Captioned web images

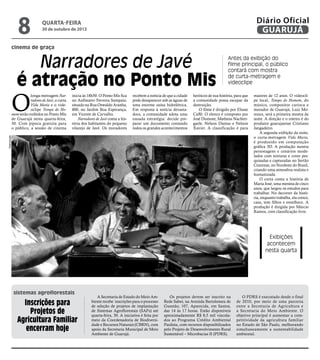 8

Diário Oficial
GUARUJÁ

quarta-feira

30 de outubro de 2013

cinema de graça

Narradores de Javé
é atração no Ponto Mis

O

inicia às 18h50. O Ponto Mis fica
no Anfiteatro Ferreira Sampaio,
situado na Rua Oswaldo Aranha,
800, no Jardim Boa Esperança,
em Vicente de Carvalho.
Narradores de Javé conta a história dos habitantes do pequeno
vilarejo de Javé. Os moradores

recebem a notícia de que a cidade
pode desaparecer sob as águas de
uma enorme usina hidrelétrica.
Em resposta à notícia devastadora, a comunidade adota uma
ousada estratégia: decide preparar um documento contando
todos os grandes acontecimentos

heróicos de sua história, para que
a comunidade possa escapar da
destruição.
O filme é dirigido por Eliane
Caffé. O elenco é composto por
José Dumont, Matheus Nachtergaele, Nelson Dantas e Nelson
Xavier. A classificação é para

Reprodução

longa-metragem Narradores de Javé, o curta
Vida Maria e o videoclipe Tempo do Homem serão exibidos no Ponto Mis
de Guarujá nesta quarta-feira,
30. Com pipoca gratuita para
o público, a sessão de cinema

Antes da exibição do
filme principal, o público
contará com mostra
de curta-metragem e
videoclipe
maiores de 12 anos. O videoclipe local, Tempo do Homem, do
músico, compositor carioca e
morador de Guarujá, Luiz Moreaux, será a primeira mostra da
noite. A direção e o roteiro é do
produtor guarujaense Cristiano
Jangadeiro.
A segunda exibição da noite,
o curta-metragem Vida Maria,
é produzido em computação
gráfica 3D. A produção mostra
personagens e cenários modelados com texturas e cores pesquisadas e capturadas no Sertão
Cearense, no Nordeste do Brasil,
criando uma atmosfera realista e
humanizada.
O curta conta a história de
Maria José, uma menina de cinco
anos, que largou os estudos para
trabalhar. No decorrer da história, enquanto trabalha, ela cresce,
casa, tem filhos e envelhece. A
produção é dirigida por Márcio
Ramos, com classificação livre.

Exibições
acontecem
nesta quarta

sistemas agroflorestais

Inscrições para
Projetos de
Agricultura Familiar
encerram hoje

A Secretaria de Estado do Meio Ambiente recebe inscrições para o processo
de seleção de projetos de implantação
de Sistemas Agroflorestais (SAFs) até
quarta-feira, 30. A iniciativa é feita por
meio da Coordenadoria de Biodiversidade e Recursos Naturais (CBRN), com
apoio da Secretaria Municipal de Meio
Ambiente de Guarujá.

Os projetos devem ser inscrito na
Rede Saber, na Avenida Bartolomeu de
Gusmão, 107, Aparecida, em Santos,
das 14 às 17 horas. Estão disponíveis
aproximadamente R$ 8,5 mil vinculados ao Programa Crédito Ambiental
Paulista, com recursos disponibilizados
pelo Projeto de Desenvolvimento Rural
Sustentável – Microbacias II (PDRS).

O PDRS é executado desde o final
de 2010, por meio de uma parceria
entre a Secretaria de Agricultura e
a Secretaria do Meio Ambiente. O
objetivo principal é aumentar a competitividade da agricultura familiar
no Estado de São Paulo, melhorando
simultaneamente a sustentabilidade
ambiental.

▶ Try it
Each record should be copied exactly, and each image left out.

▶ Exercise output
 8

Diário Oficial
GUARUJÁ

quarta-feira

30 de outubro de 2013

cinema de graça

Narradores de Javé
é atração no Ponto Mis

O

inicia às 18h50. O Ponto Mis fica
no Anfiteatro Ferreira Sampaio,
situado na Rua Oswaldo Aranha,
800, no Jardim Boa Esperança,
em Vicente de Carvalho.
Narradores de Javé conta a história dos habitantes do pequeno
vilarejo de Javé. Os moradores

recebem a notícia de que a cidade
pode desaparecer sob as águas de
uma enorme usina hidrelétrica.
Em resposta à notícia devastadora, a comunidade adota uma
ousada estratégia: decide preparar um documento contando
todos os grandes acontecimentos

heróicos de sua história, para que
a comunidade possa escapar da
destruição.
O filme é dirigido por Eliane
Caffé. O elenco é composto por
José Dumont, Matheus Nachtergaele, Nelson Dantas e Nelson
Xavier. A classificação é para

Reprodução

longa-metragem Narradores de Javé, o curta
Vida Maria e o videoclipe Tempo do Homem serão exibidos no Ponto Mis
de Guarujá nesta quarta-feira,
30. Com pipoca gratuita para
o público, a sessão de cinema

Antes da exibição do
filme principal, o público
contará com mostra
de curta-metragem e
videoclipe
maiores de 12 anos. O videoclipe local, Tempo do Homem, do
músico, compositor carioca e
morador de Guarujá, Luiz Moreaux, será a primeira mostra da
noite. A direção e o roteiro é do
produtor guarujaense Cristiano
Jangadeiro.
A segunda exibição da noite,
o curta-metragem Vida Maria,
é produzido em computação
gráfica 3D. A produção mostra
personagens e cenários modelados com texturas e cores pesquisadas e capturadas no Sertão
Cearense, no Nordeste do Brasil,
criando uma atmosfera realista e
humanizada.
O curta conta a história de
Maria José, uma menina de cinco
anos, que largou os estudos para
trabalhar. No decorrer da história, enquanto trabalha, ela cresce,
casa, tem filhos e envelhece. A
produção é dirigida por Márcio
Ramos, com classificação livre.

Exibições
acontecem
nesta quarta

sistemas agroflorestais

Inscrições para
Projetos de
Agricultura Familiar
encerram hoje

A Secretaria de Estado do Meio Ambiente recebe inscrições para o processo
de seleção de projetos de implantação
de Sistemas Agroflorestais (SAFs) até
quarta-feira, 30. A iniciativa é feita por
meio da Coordenadoria de Biodiversidade e Recursos Naturais (CBRN), com
apoio da Secretaria Municipal de Meio
Ambiente de Guarujá.

Os projetos devem ser inscrito na
Rede Saber, na Avenida Bartolomeu de
Gusmão, 107, Aparecida, em Santos,
das 14 às 17 horas. Estão disponíveis
aproximadamente R$ 8,5 mil vinculados ao Programa Crédito Ambiental
Paulista, com recursos disponibilizados
pelo Projeto de Desenvolvimento Rural
Sustentável – Microbacias II (PDRS).

O PDRS é executado desde o final
de 2010, por meio de uma parceria
entre a Secretaria de Agricultura e
a Secretaria do Meio Ambiente. O
objetivo principal é aumentar a competitividade da agricultura familiar
no Estado de São Paulo, melhorando
simultaneamente a sustentabilidade
ambiental.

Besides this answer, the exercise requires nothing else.